Scheppele: Serious flaws in Afghan constitution
With nation-building in emerging democracies at the center of today’s international news, much attention has been paid to the important task of creating stable governments. Kim Scheppele, professor of law and sociology, has played an important part in this worldwide process, most recently as an advisor for a United Nations task force charged with helping to construct Afghanistan’s new constitution.
Scheppele was brought in by the UN specifically to provide recommendations about the judiciary and constitutional review of the new government. As an expert in the field, Scheppele has had global experience, including work on the Hungarian constitution after the fall of the Soviet Union. Even with the credentials of Scheppele and the UN team, however, most of their recommendations went unheeded in the drafting of the constitution.
According to Scheppele and other constitutional scholars, the chief problem with the new constitution lies in the amount of power given to the president. Unlike the American system, with its built-in separation of powers and checks and balances, the Afghan constitution enables the president to dominate. His powers include appointing supreme-court justices, with little or no consultation from other branches of government, appointing a significant percentage of the members of parliament as well as all the ministers and heads of governmental agencies, and being the sole provider of proposed legislation to the parliament.

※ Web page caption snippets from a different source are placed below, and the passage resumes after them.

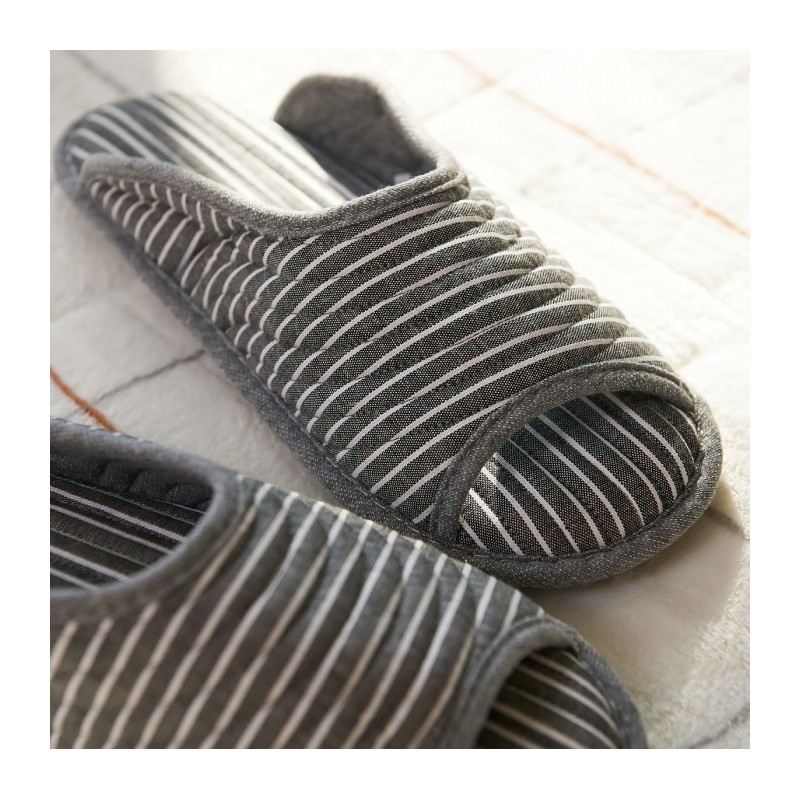 JAJU [JAJU] Quilted Simple Line Washable Living Room Slippers (Men's)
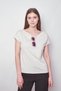 Women's Boat Neck Off-Shoulder Wrinkle-Resistant Span Blended Stylish T-Shirt Blouse-Champagne - 3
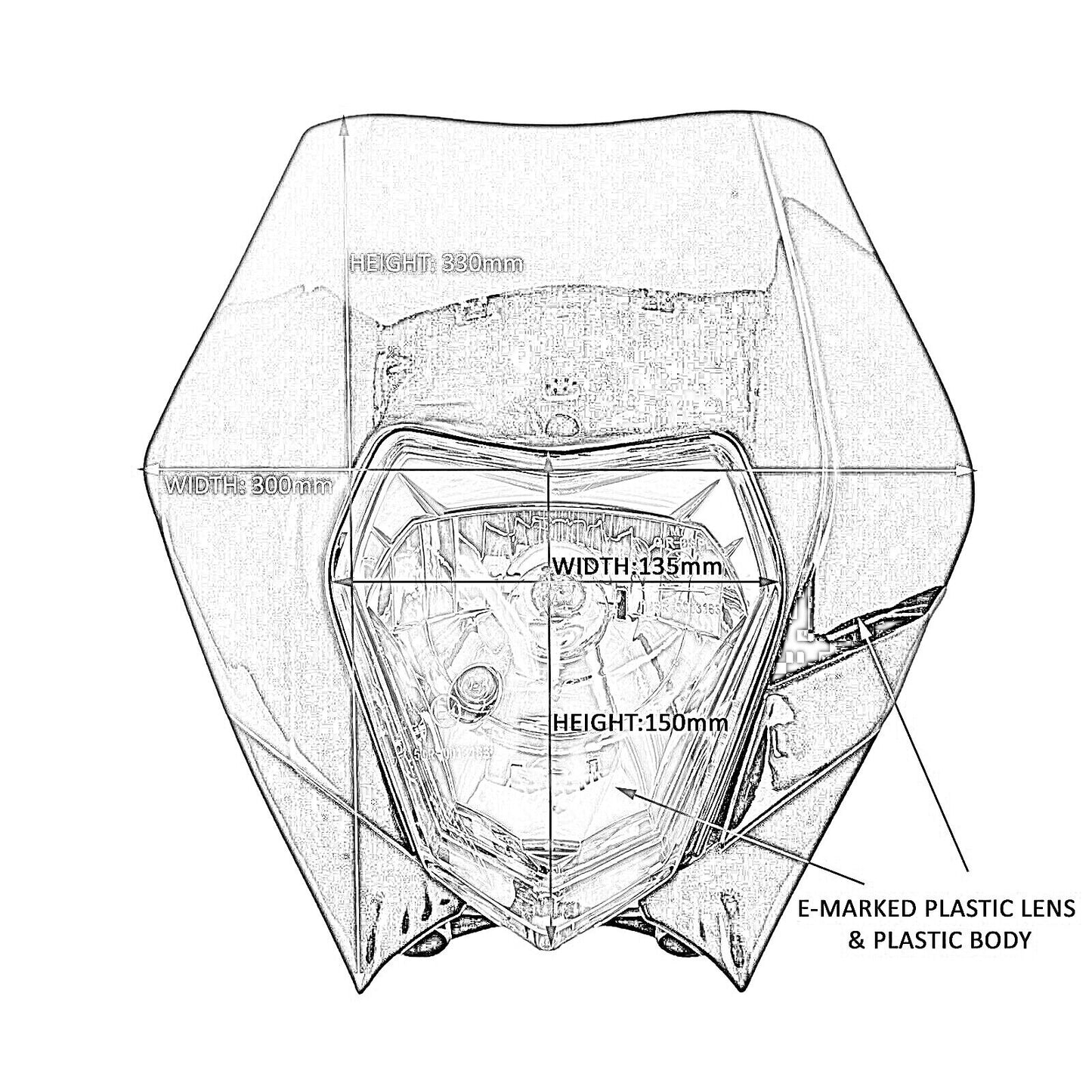 White Rec Reg Head Tail Light kit for Honda CRF150 CRF450X CRF250 Dirt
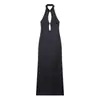 Moda europea y americana transfronteriza Bestseller de AliExpress: elegante vestido largo de tirantes halter de satén de seda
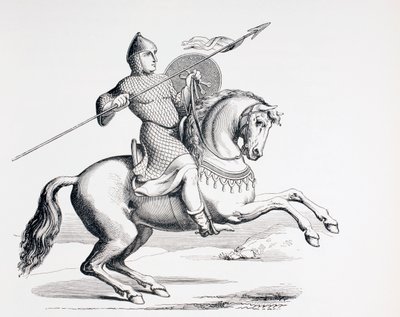 Zincir Posta ve Miğfer giymiş, Mızrak ve Kalkan taşıyan bir Norman Şövalyesi, 1873 by French School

Scheppele said of the Afghans, “They basically ignored all the advice. Of course, not all advice is worth following, but what they came out with is a constitution written for abuse. A constitution written for angels, not devils. You write a constitution because you don’t need to worry about the angels.”
Scheppele noted that with such vulnerability to abuse, Afghanistan might have been better off with its constitution of 1964. “Afghanistan had a promising constitutional history. In my view, the old constitution would have been fine. The problem with the draft of this one is they had few people with the relative expertise to do it. When you’ve had no functioning university system for 20 years, you’re not going to start with an expert group.”